Complicated are people and relationships. Have been there in the mesh winding myself in and out, wishing things could be a lot simpler. Wish I could lie lesser, speaking the truth, not hurting anyone’s feelings. That is difficult, as you can’t take it putting the dear ones to worry. The best and rational decisions are been questioned, and taken the wrong way. You are blamed for acting insensitive and selfish. Is it deliberately that your feelings are being over stepped, as though you have a stone heart. Or it is an oversight, if that makes you feel better. I like being strong, practical and positive, but that is not turning me to a rude person.
The last year was a rough one with quite a few – with family and friends. Staying back in the US picking my career against my sister’s wedding – I am sure to have hurt many. But to my surprise, at the hour of being let down – my little sister was there for my support. I felt a lot proud to see her grow into sensible and poised individual. I never thought she can be there, as I have seen more of her vulnerable side before. The word-war with a close friend of mine, which resulted into a sick conversation and almost tore us apart. It just started on me being busy and not contacting her for long. It poked me when she blamed me for being selfish and work struck followed by the famous fight. I wished if she could understand, that I could not make it genuinely rather fishing for reasons and explanations.

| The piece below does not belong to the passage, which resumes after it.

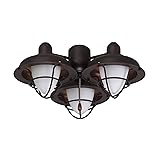 Emerson Boardwalk Cage LED Ceiling Fan Light Fixture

How easy it would be to feel happy for the moment we have rather than rant around the missed past. I have seen some great individuals in life, who take life much simpler. You may say your views plain without polishing them. The word “No” is the most cursed I believe. As far as you cause no damages to people and property, a No for an answer is no harm. It is not the denial, but a humble view which demands respect and recognition. There was a time even I could not stand people being blunt and straight. Guess the growing up helped out, now as I can think through their reasons and be less painful.